◆ **REQUIRED ACTION**: In the entries below, repeat only the lines between those holding "We want you" and "BSI for my buddy", inclusive. Leave pictures out.

◆ **Stored data entries**:
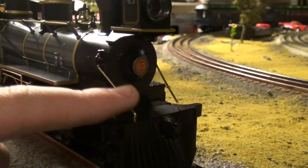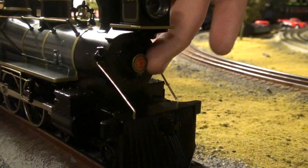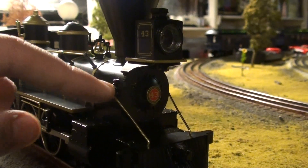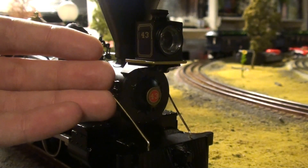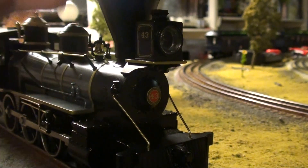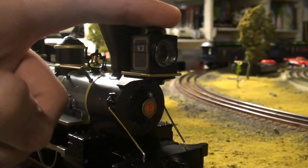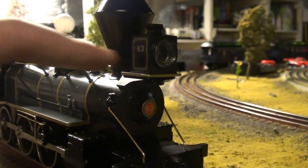Moving up the engine, you got these plastic grab irons, and then you got a builder's plate slash number plate, because back in the late 1800s the engines would use their builder's plate as their number plate as well. Moving up, you got fake marker lights, which aren't as nice compared to the marker lights on the new Premier, Rail King, or Legacy engines. You got rivets on the boiler front, which are pretty nice, and then your headlight — Norfolk and Western number 43. You got the gold leafing going around and gold leafing paint on number 43.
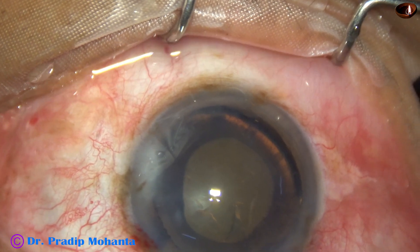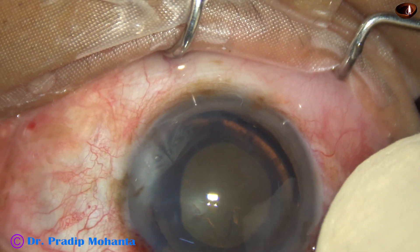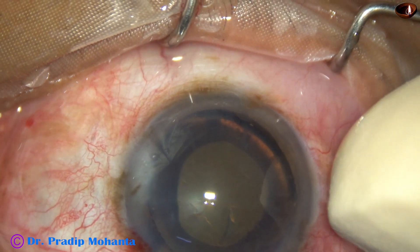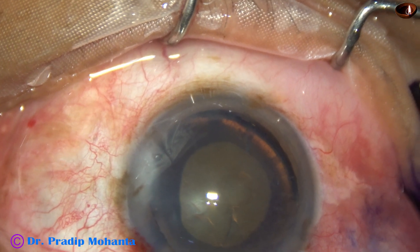So, a slightly eccentric rhexis. Now hydrodissection is not done — instead, hydro-free dissection is performed, meaning the separation of the capsule from the cortex is done with a spatula.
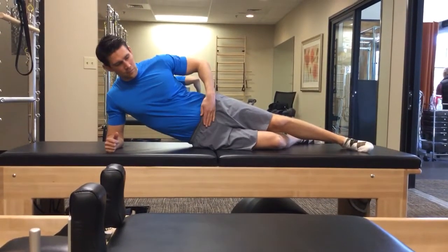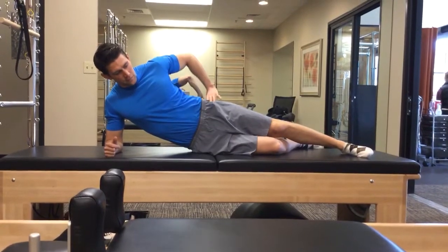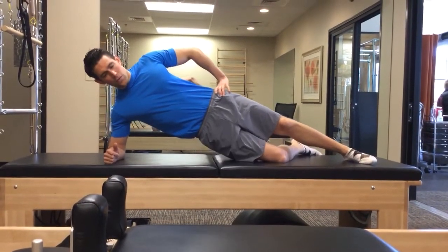We want you to engage your inner core muscles and contract your glutes. Slowly lift yourself up onto that bottom knee and hold.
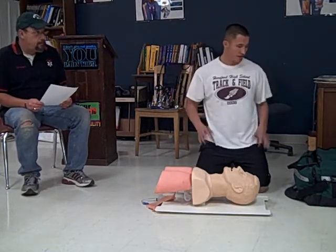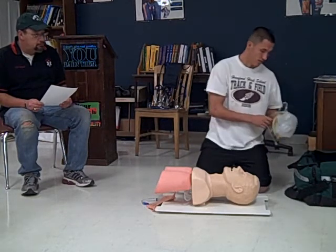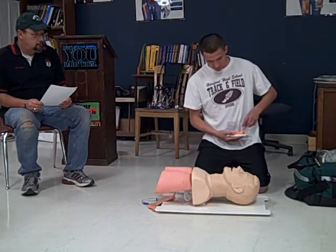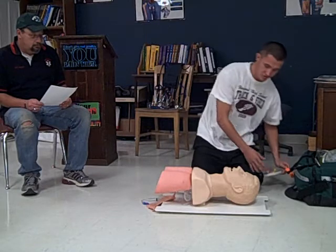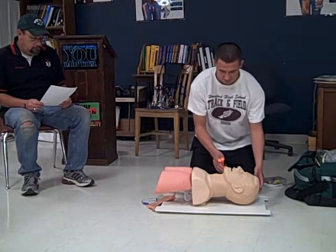BSI for my buddy and I. Scene is safe. I will begin by applying an OPA. I'm going to measure it from the corner of the ear to the corner of the mouth to create a proper fit.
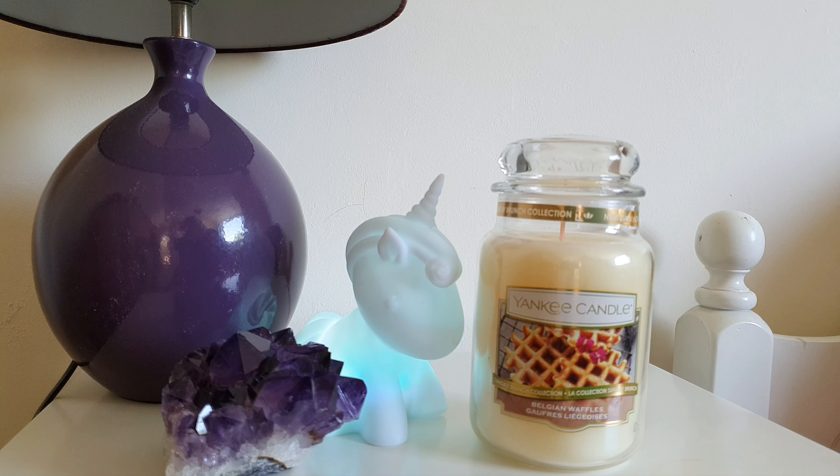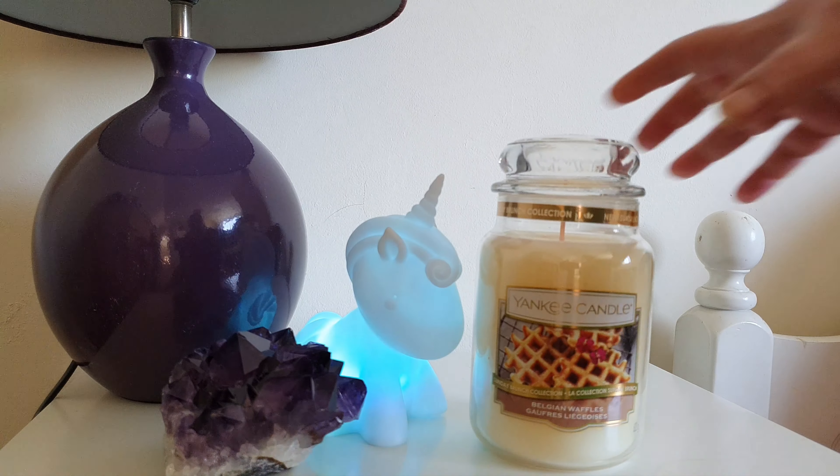The top notes for this are roasted pecans and vanilla, the middle notes are waffle, butter, cinnamon, and melted butter, and the base note is whipped cream. So let's give this a go and have a smell.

◆ **SOLUTION BELOW**:
We want you to engage your inner core muscles and contract your glutes. Slowly lift yourself up onto that bottom knee and hold.
BSI for my buddy and I. Scene is safe. I will begin by applying an OPA. I'm going to measure it from the corner of the ear to the corner of the mouth to create a proper fit.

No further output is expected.